Overcast to partly cloudy

Woke up this morning looking like a MACK truck had run me over. After spending most of the morning motivating myself to get out of the house, I went to the gym and then the grocery, and came back to spend the rest of the day hanging out. While hanging out by myself is totally fine, today hanging out with my thoughts was not.

Long conversations with S about reinvigorating our work self. She has put together some pieces that are working well for her and had some insight into what might be some steps for me in media land. We both spent the day trying to eat ourselves out of house and home – some kind of hormonal craving that has yet to meet its match.

Then several long conversations with S who was at his new apartment in San Francisco sitting on the fire escape. He comes in tomorrow night and we have the week to sort through the rest of our belongings and separate further. His moving truck arrives with my cabinets for the LaLa all way ahead of any schedule and so the Can will now be stacked further with more wrapped boxed items that have no place here. One more thing to deal with. We talked about the advent of each of our “next” relationships and I was very clear I am not ready to even contemplate a next relationship. My heart, while squeezed to the point of almost breakage, is still where it was and doesn’t seem to be moving anywhere anytime soon – after so much time it is hard to “lose interest” even though as I told N, it would probably be easy for him if I was over him so that he has one less loose end to tie up, but he has no control over how my heart feels at this point.

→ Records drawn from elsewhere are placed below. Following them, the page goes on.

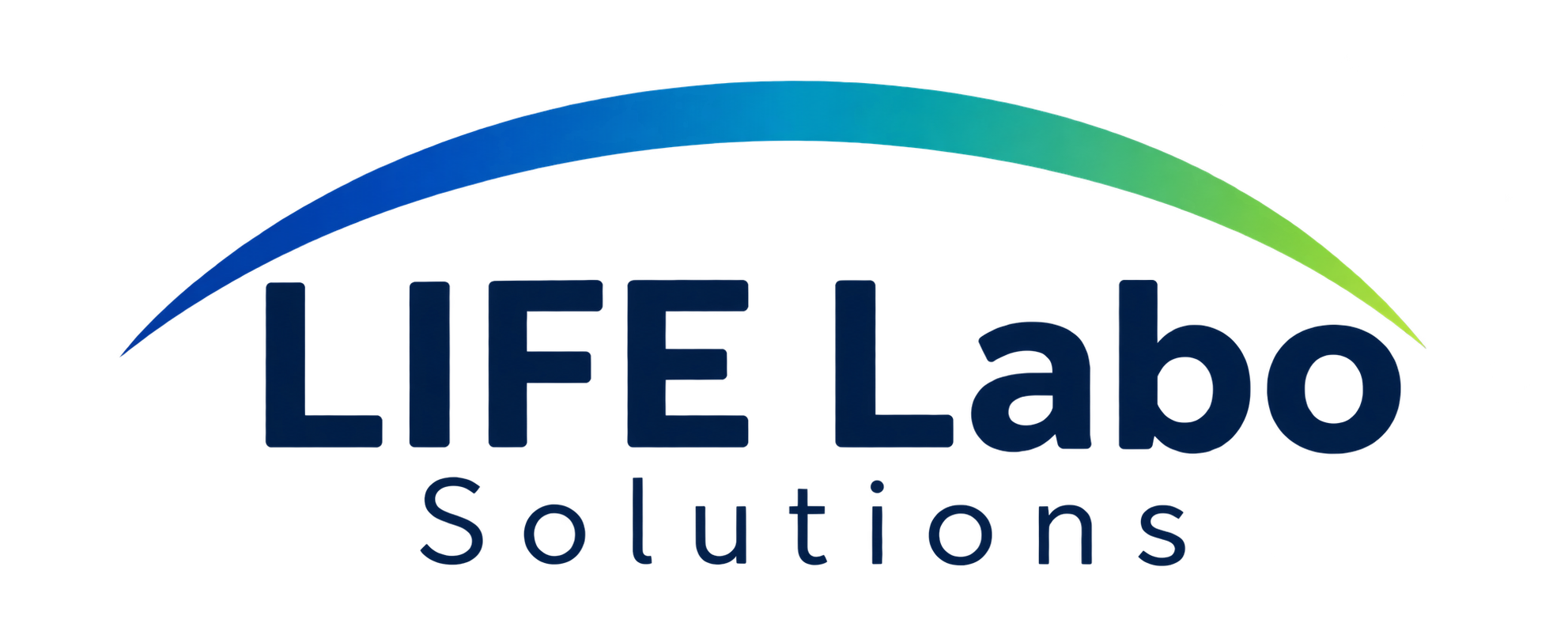 LIFE Labo Solutions
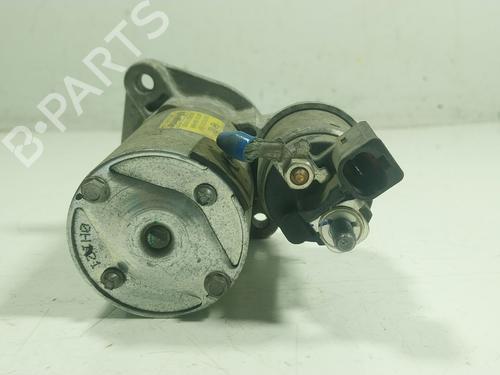 Starter KIA STONIC (YB) 1.0 T-GDi | BP25051544M8 - Image 3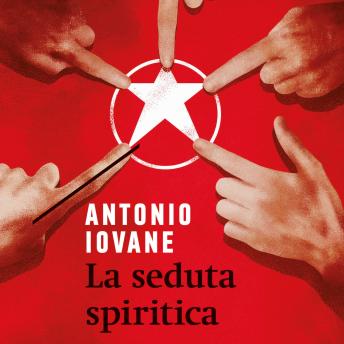 [Italian] - La seduta spiritica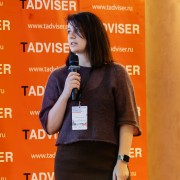 Бейлик Антонина Агропромкомплектация 2026-09-23-05.jpg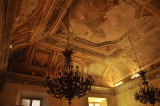 Palazzo Reale - 2100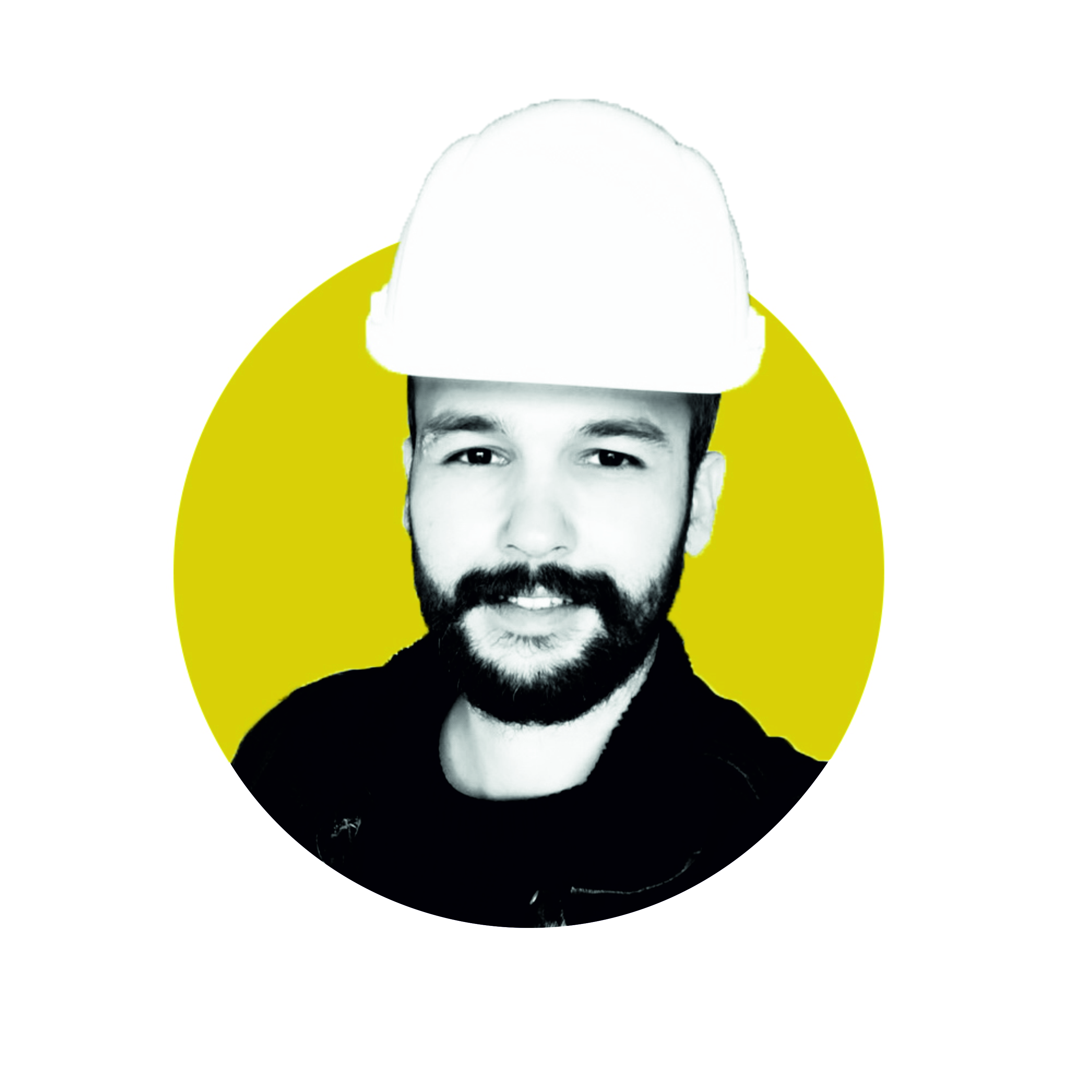 Design Time's profile picture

S admittedly realizes that his “capacity to love” needs a rest before he contemplates moving into something new. But he, as I, miss the companionship that marriage offered. This sort of Sunday is evidence of that miss – we might be seeing a movie right now – or had gone out to lunch – to pass the time – instead I paced around and did errands and laundry and gym and spent the rest of the afternoon mentally masturbating about a man who still takes up too much mental real estate for what he offers under these less than ideal times.

L said he thinks I might be being given the soft blow rather than the crushing blow. I think it all doesn’t matter what I’m being handed, it’s more important about trying to accept how I feel in light of circumstances and to wrest control over run away thoughts. I don’t need to get over N so that I can move on and think of someone new – there doesn’t have to be someone new if not him – it’s more just trying to salvage my capacity to love and to make sure that I am capable of risking my heart again after all that has led to this point.

Today was a dreary cold day – one of maybe five winter days we’ve actually had to endure here. Mom made her “kill you or cure you” soup and I stayed away from her house like the plague as I have always detested that soup, even now with mature taste buds, the smell makes me cringe. She said that S is trying to come in for a visit some time soon. I wrote a long letter to my brother D who I haven’t corresponded with since Katrina.

Then I spoke with D who is in Florida right now visiting BJ’s parents. They arrive on Thursday and she is excited to be coming in for Mardi Gras. I told her W was looking forward to seeing J. And we talked about logistics for watching the parade and etc and I said not to worry that we’d figure it all out harmoniously. Try not to step on each others toes while everyone dealt with the smallness of New Orleans when everyone is trying to be removed from everyone else. It’ll all work out I said thinly.

Tomorrow is a work holiday and N and I will meet for lunch then a tour of the lower 9. I can’t believe I haven’t driven out there myself yet, but I guess, particularly on a day like today, gearing yourself to be depressed by what you see is a lot to ask in these post Katrina times.

Then Mardi Gras begins in earnest on Thursday.